◆ **Work item**:
Key in the whole listing below again, keeping every word as it is.

◆ **Supplied data**:
━━━━

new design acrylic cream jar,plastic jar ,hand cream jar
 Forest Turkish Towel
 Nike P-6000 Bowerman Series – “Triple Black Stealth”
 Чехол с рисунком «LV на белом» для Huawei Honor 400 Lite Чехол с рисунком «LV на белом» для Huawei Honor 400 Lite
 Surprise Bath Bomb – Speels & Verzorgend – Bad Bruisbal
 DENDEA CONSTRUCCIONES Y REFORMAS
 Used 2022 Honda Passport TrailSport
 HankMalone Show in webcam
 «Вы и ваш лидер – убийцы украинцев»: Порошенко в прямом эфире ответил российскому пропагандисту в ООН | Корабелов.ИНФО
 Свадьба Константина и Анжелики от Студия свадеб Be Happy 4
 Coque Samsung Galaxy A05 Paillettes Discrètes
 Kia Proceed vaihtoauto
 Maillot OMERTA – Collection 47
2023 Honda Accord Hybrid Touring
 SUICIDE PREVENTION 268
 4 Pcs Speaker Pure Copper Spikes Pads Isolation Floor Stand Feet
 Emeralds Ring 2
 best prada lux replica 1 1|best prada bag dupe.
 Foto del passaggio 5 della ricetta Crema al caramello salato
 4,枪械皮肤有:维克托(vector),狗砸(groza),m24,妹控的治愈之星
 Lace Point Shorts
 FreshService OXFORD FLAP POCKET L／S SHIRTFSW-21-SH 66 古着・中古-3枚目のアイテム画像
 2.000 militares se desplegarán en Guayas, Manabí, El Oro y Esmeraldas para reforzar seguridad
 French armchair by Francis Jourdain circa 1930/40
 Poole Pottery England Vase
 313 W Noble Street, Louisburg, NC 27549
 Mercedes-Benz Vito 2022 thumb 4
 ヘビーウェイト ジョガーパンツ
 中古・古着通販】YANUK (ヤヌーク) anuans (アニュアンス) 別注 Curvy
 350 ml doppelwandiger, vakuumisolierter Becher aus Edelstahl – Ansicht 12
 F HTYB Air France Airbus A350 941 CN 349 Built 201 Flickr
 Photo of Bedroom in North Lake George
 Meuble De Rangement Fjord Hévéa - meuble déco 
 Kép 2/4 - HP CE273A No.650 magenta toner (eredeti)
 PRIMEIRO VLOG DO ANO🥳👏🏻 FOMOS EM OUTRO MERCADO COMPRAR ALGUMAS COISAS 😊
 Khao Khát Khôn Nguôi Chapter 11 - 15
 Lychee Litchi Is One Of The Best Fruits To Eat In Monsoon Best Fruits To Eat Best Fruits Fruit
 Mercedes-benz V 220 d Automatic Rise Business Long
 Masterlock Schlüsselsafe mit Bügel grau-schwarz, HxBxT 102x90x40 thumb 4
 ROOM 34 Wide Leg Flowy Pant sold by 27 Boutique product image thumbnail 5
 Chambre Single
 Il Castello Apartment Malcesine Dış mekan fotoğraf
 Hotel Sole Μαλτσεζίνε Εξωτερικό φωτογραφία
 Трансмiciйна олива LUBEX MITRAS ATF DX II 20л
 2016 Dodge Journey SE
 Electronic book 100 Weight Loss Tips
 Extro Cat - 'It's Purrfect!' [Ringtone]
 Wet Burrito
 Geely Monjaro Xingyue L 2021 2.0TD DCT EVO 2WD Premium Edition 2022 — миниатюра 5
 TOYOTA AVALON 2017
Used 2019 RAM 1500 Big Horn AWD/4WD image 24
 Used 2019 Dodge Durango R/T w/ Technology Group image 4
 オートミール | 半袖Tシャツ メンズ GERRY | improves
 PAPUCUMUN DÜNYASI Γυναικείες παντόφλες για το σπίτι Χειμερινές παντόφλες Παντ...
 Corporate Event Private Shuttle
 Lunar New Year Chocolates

━━━━

◆ **Solution to the exercise**:
new design acrylic cream jar,plastic jar ,hand cream jar
 Forest Turkish Towel
 Nike P-6000 Bowerman Series – “Triple Black Stealth”
 Чехол с рисунком «LV на белом» для Huawei Honor 400 Lite Чехол с рисунком «LV на белом» для Huawei Honor 400 Lite
 Surprise Bath Bomb – Speels & Verzorgend – Bad Bruisbal
 DENDEA CONSTRUCCIONES Y REFORMAS
 Used 2022 Honda Passport TrailSport
 HankMalone Show in webcam
 «Вы и ваш лидер – убийцы украинцев»: Порошенко в прямом эфире ответил российскому пропагандисту в ООН | Корабелов.ИНФО
 Свадьба Константина и Анжелики от Студия свадеб Be Happy 4
 Coque Samsung Galaxy A05 Paillettes Discrètes
 Kia Proceed vaihtoauto
 Maillot OMERTA – Collection 47
2023 Honda Accord Hybrid Touring
 SUICIDE PREVENTION 268
 4 Pcs Speaker Pure Copper Spikes Pads Isolation Floor Stand Feet
 Emeralds Ring 2
 best prada lux replica 1 1|best prada bag dupe.
 Foto del passaggio 5 della ricetta Crema al caramello salato
 4,枪械皮肤有:维克托(vector),狗砸(groza),m24,妹控的治愈之星
 Lace Point Shorts
 FreshService OXFORD FLAP POCKET L／S SHIRTFSW-21-SH 66 古着・中古-3枚目のアイテム画像
 2.000 militares se desplegarán en Guayas, Manabí, El Oro y Esmeraldas para reforzar seguridad
 French armchair by Francis Jourdain circa 1930/40
 Poole Pottery England Vase
 313 W Noble Street, Louisburg, NC 27549
 Mercedes-Benz Vito 2022 thumb 4
 ヘビーウェイト ジョガーパンツ
 中古・古着通販】YANUK (ヤヌーク) anuans (アニュアンス) 別注 Curvy
 350 ml doppelwandiger, vakuumisolierter Becher aus Edelstahl – Ansicht 12
 F HTYB Air France Airbus A350 941 CN 349 Built 201 Flickr
 Photo of Bedroom in North Lake George
 Meuble De Rangement Fjord Hévéa - meuble déco 
 Kép 2/4 - HP CE273A No.650 magenta toner (eredeti)
 PRIMEIRO VLOG DO ANO🥳👏🏻 FOMOS EM OUTRO MERCADO COMPRAR ALGUMAS COISAS 😊
 Khao Khát Khôn Nguôi Chapter 11 - 15
 Lychee Litchi Is One Of The Best Fruits To Eat In Monsoon Best Fruits To Eat Best Fruits Fruit
 Mercedes-benz V 220 d Automatic Rise Business Long
 Masterlock Schlüsselsafe mit Bügel grau-schwarz, HxBxT 102x90x40 thumb 4
 ROOM 34 Wide Leg Flowy Pant sold by 27 Boutique product image thumbnail 5
 Chambre Single
 Il Castello Apartment Malcesine Dış mekan fotoğraf
 Hotel Sole Μαλτσεζίνε Εξωτερικό φωτογραφία
 Трансмiciйна олива LUBEX MITRAS ATF DX II 20л
 2016 Dodge Journey SE
 Electronic book 100 Weight Loss Tips
 Extro Cat - 'It's Purrfect!' [Ringtone]
 Wet Burrito
 Geely Monjaro Xingyue L 2021 2.0TD DCT EVO 2WD Premium Edition 2022 — миниатюра 5
 TOYOTA AVALON 2017
Used 2019 RAM 1500 Big Horn AWD/4WD image 24
 Used 2019 Dodge Durango R/T w/ Technology Group image 4
 オートミール | 半袖Tシャツ メンズ GERRY | improves
 PAPUCUMUN DÜNYASI Γυναικείες παντόφλες για το σπίτι Χειμερινές παντόφλες Παντ...
 Corporate Event Private Shuttle
 Lunar New Year Chocolates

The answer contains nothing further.